• WHAT IS REQUIRED:
Below are records with pictures. Reproduce exactly the lines from the line with "Vila Clothes vifikka long coat - burgundy" to the line with "Reload Icon - 3d", inclusive, and leave each picture out.

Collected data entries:
-------------------------
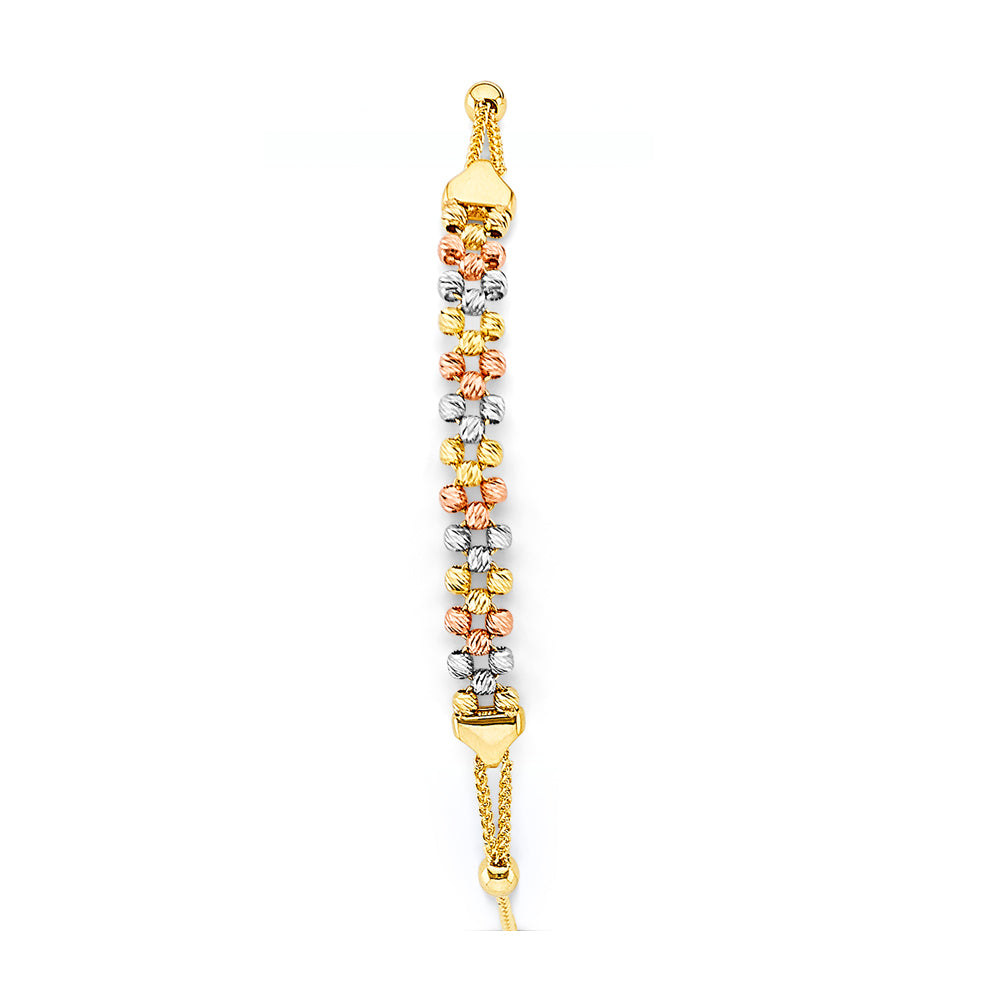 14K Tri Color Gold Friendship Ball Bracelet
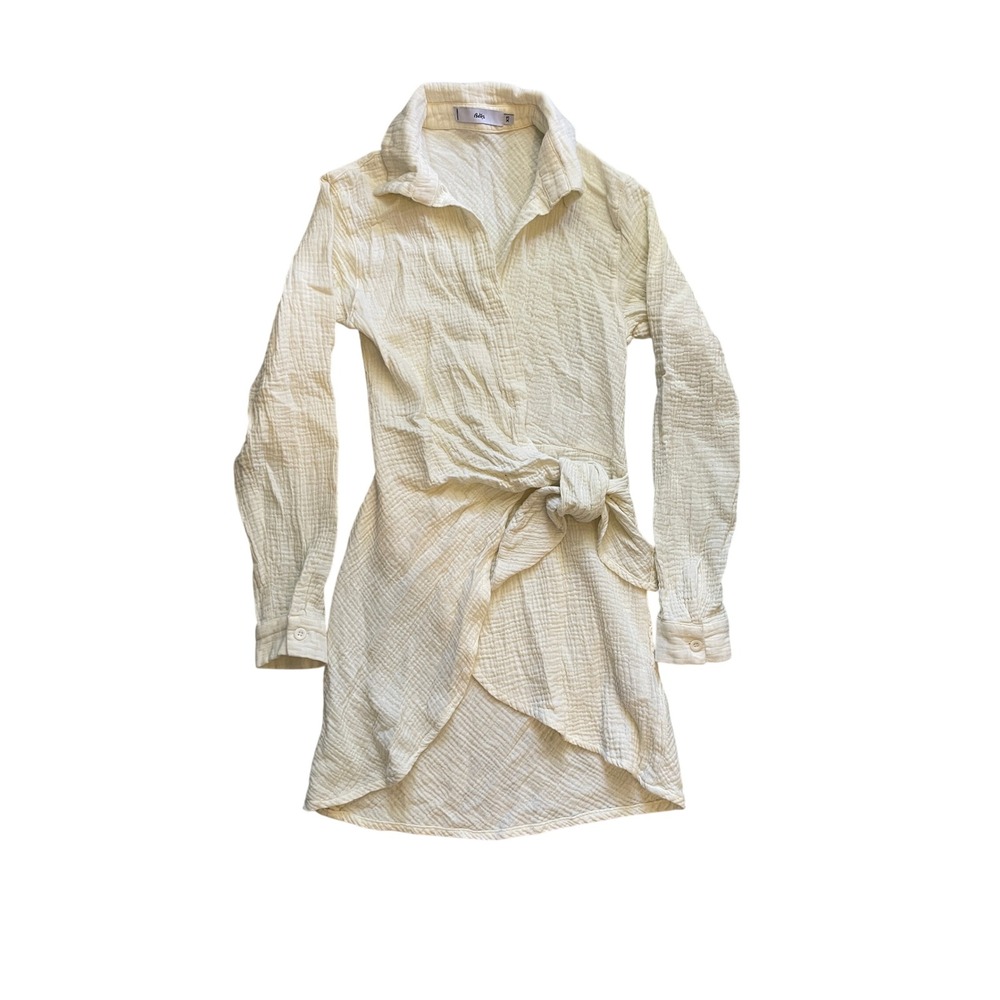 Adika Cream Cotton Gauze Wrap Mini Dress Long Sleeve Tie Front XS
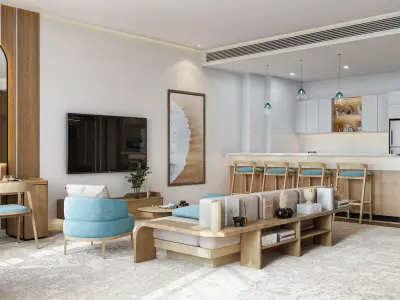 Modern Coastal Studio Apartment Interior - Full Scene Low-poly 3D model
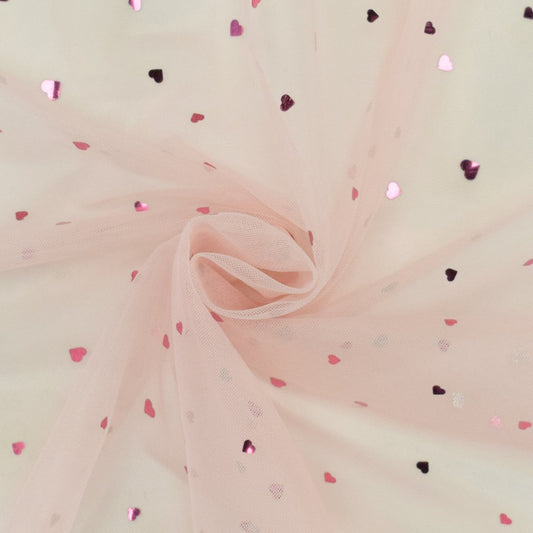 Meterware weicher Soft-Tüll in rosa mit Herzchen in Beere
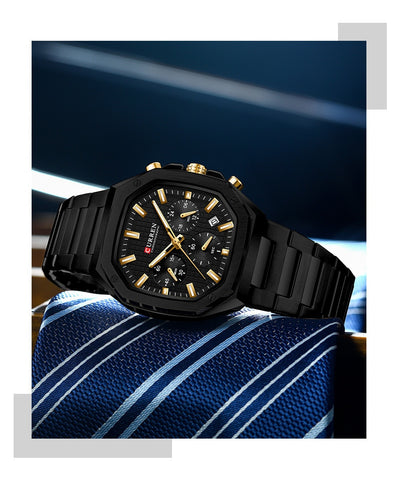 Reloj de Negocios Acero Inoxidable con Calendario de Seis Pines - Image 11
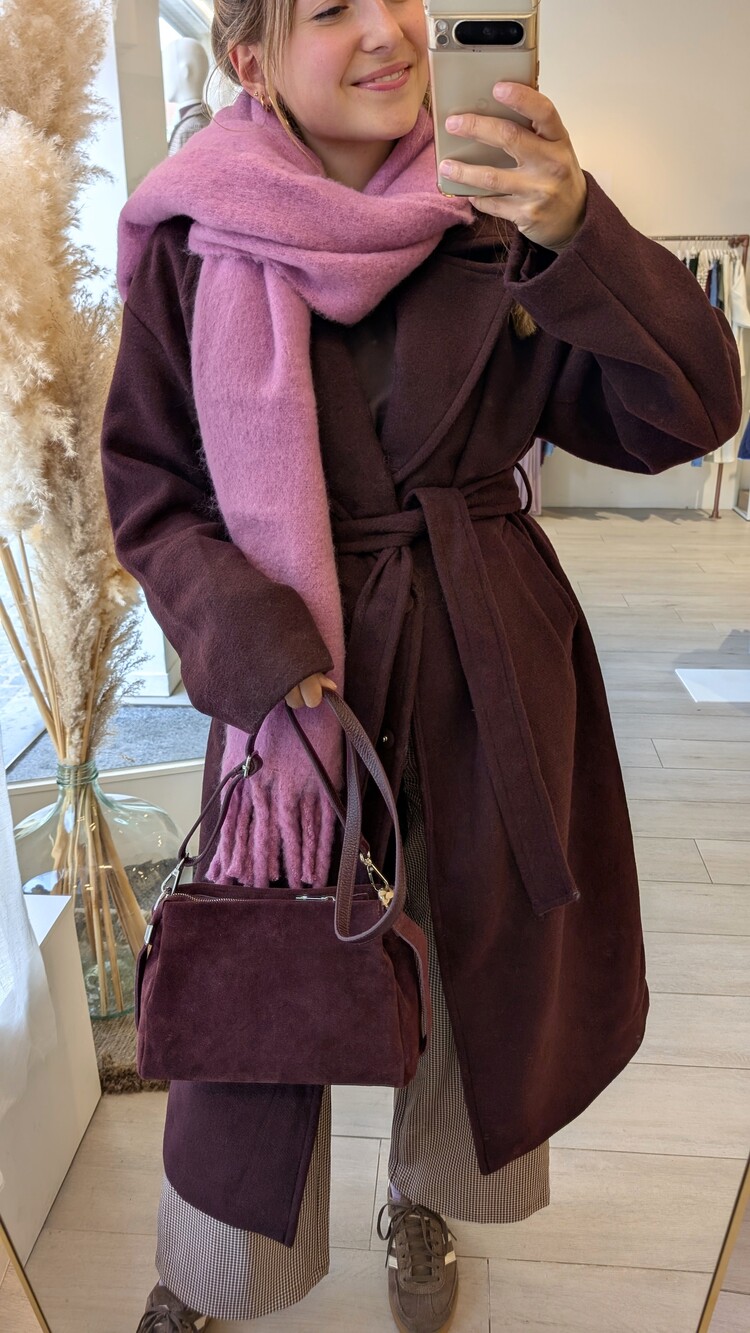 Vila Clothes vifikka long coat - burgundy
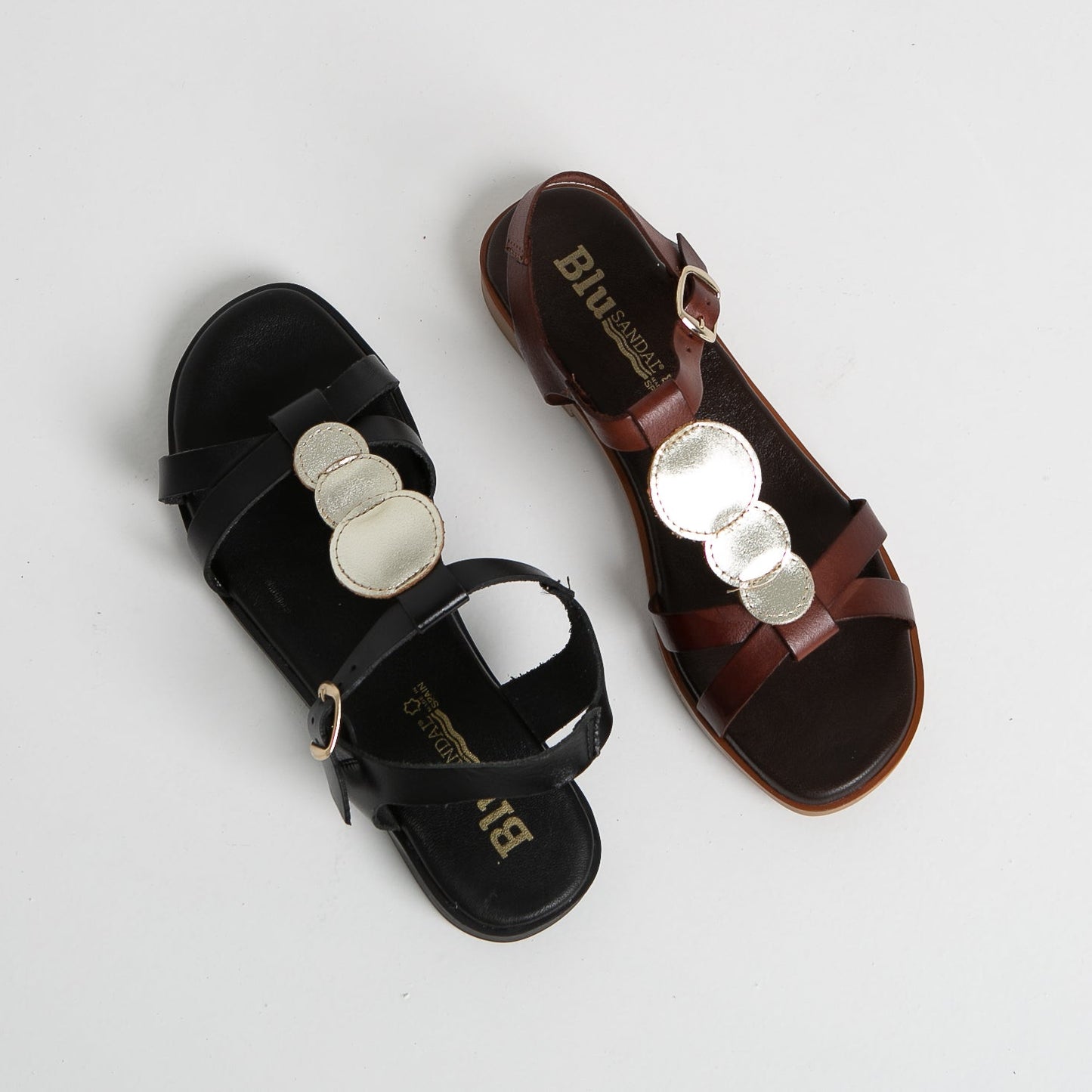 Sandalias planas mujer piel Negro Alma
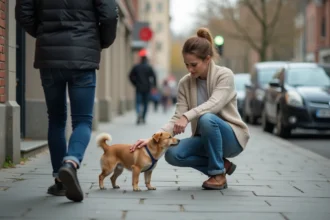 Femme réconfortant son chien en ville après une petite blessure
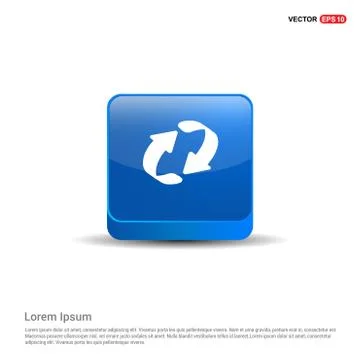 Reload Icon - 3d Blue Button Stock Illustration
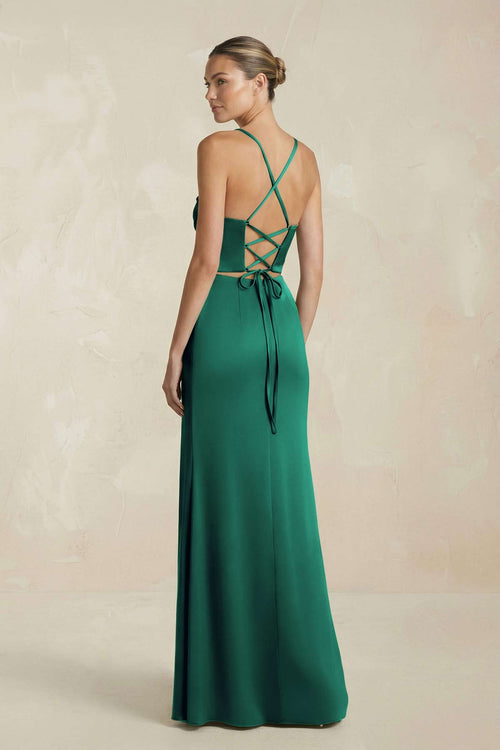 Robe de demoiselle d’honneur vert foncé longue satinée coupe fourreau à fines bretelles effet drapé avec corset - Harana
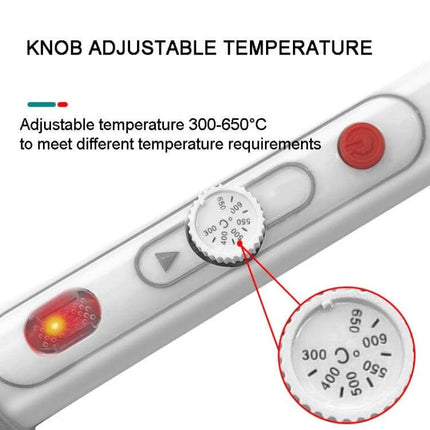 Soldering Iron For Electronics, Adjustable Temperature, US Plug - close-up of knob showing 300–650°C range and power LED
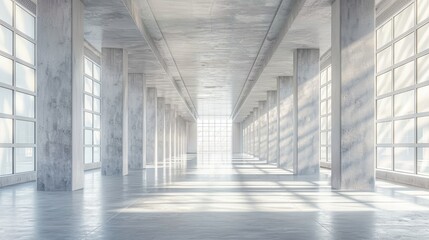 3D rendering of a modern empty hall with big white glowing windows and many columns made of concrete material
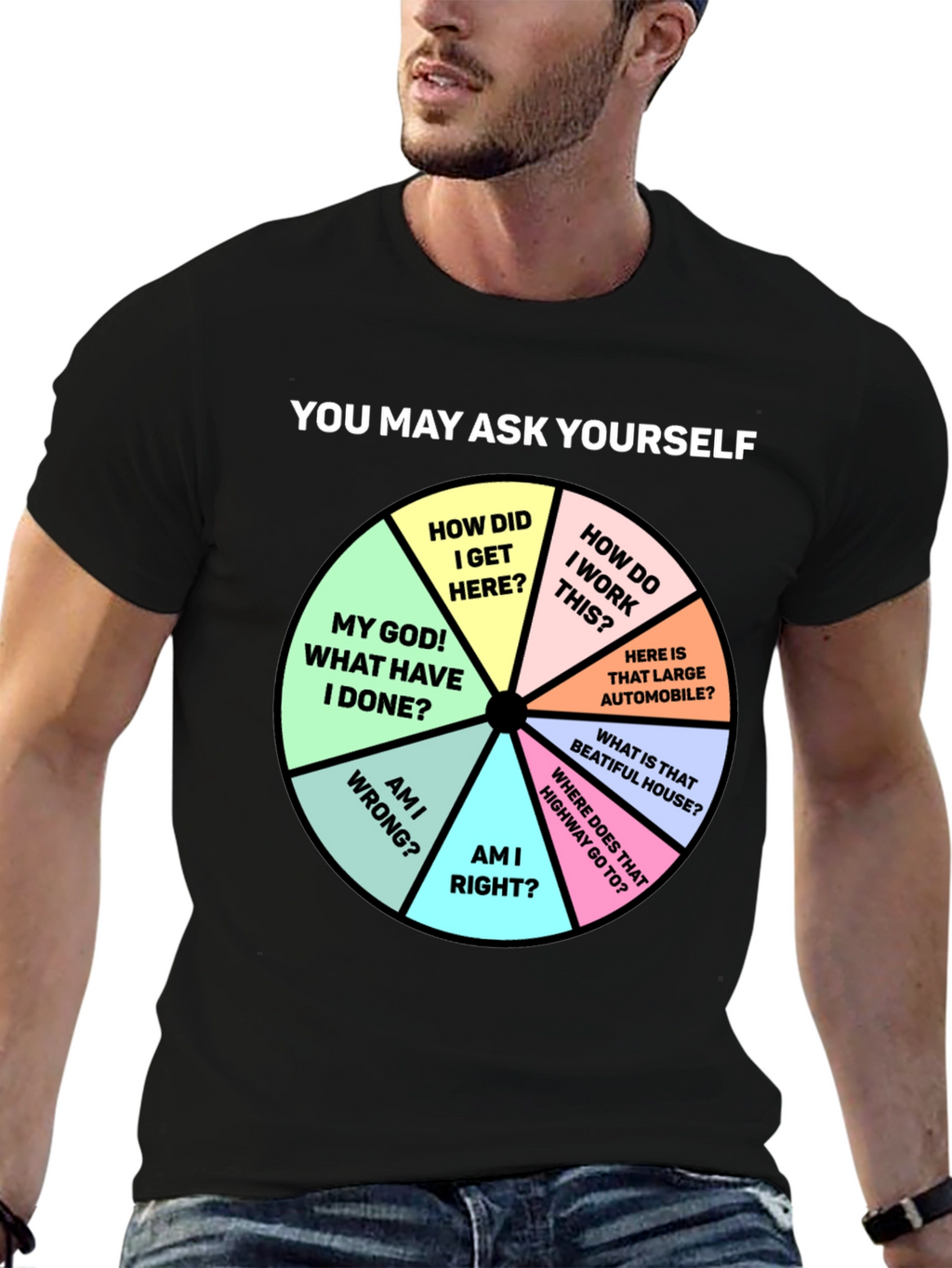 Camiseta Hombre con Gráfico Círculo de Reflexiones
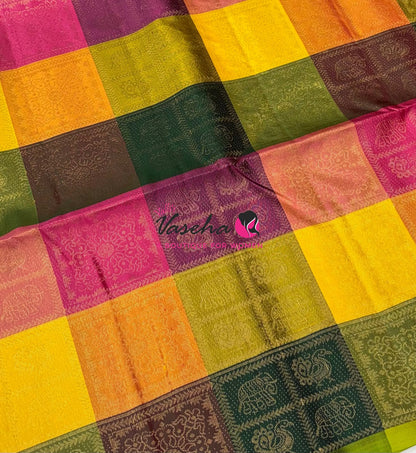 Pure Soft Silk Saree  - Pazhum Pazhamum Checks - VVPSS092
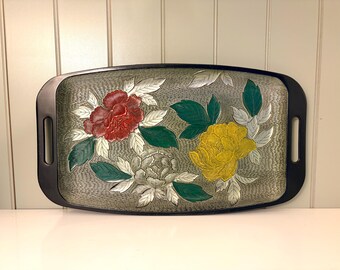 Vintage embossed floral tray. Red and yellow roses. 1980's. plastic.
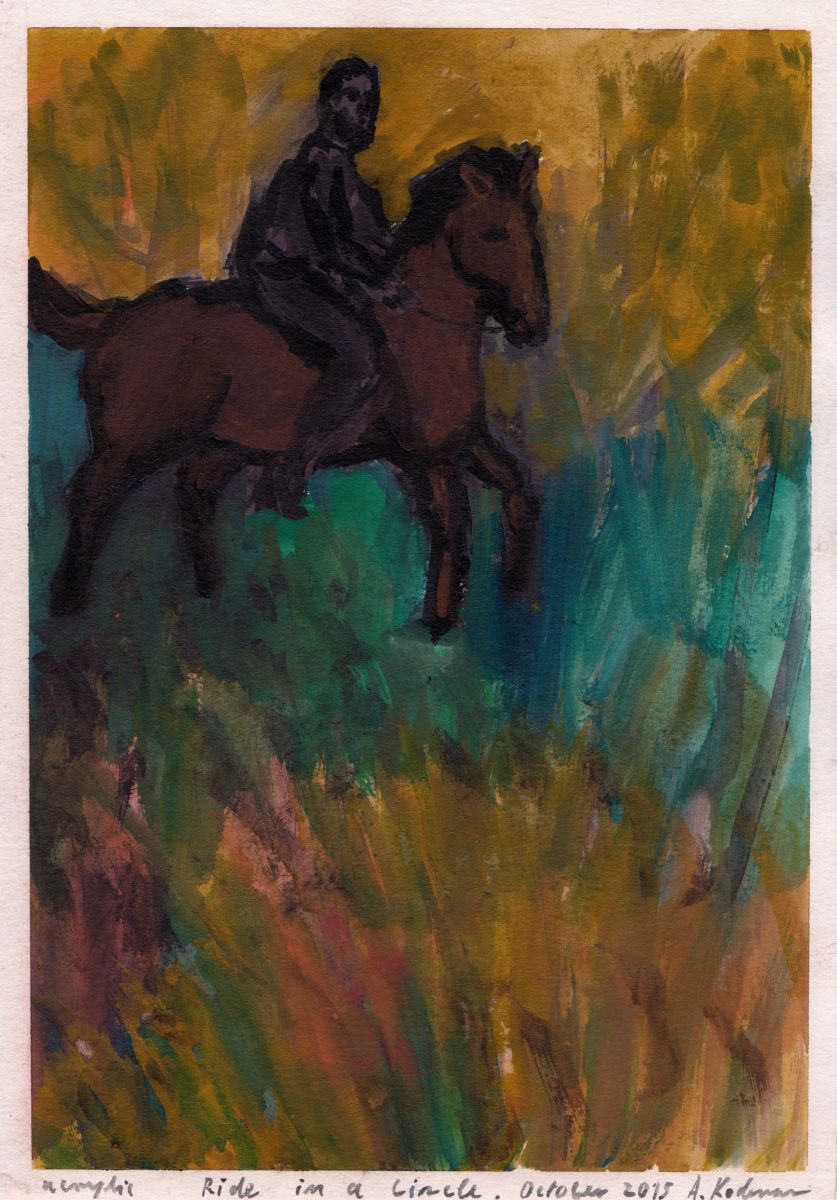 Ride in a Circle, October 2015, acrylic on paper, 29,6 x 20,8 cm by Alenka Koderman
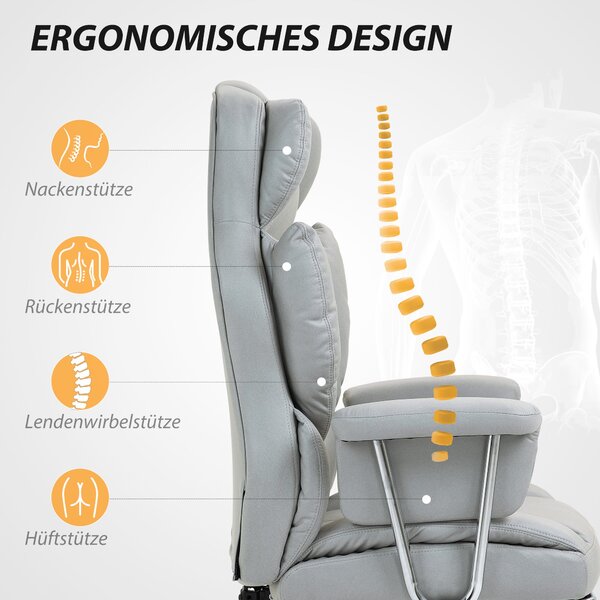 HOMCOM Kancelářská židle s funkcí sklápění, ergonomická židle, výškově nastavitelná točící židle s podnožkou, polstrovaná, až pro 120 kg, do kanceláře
-------------------------
• TASK OUTPUT:
 Vila Clothes vifikka long coat - burgundy
 Sandalias planas mujer piel Negro Alma
 Femme réconfortant son chien en ville après une petite blessure
 Reload Icon - 3d Blue Button Stock Illustration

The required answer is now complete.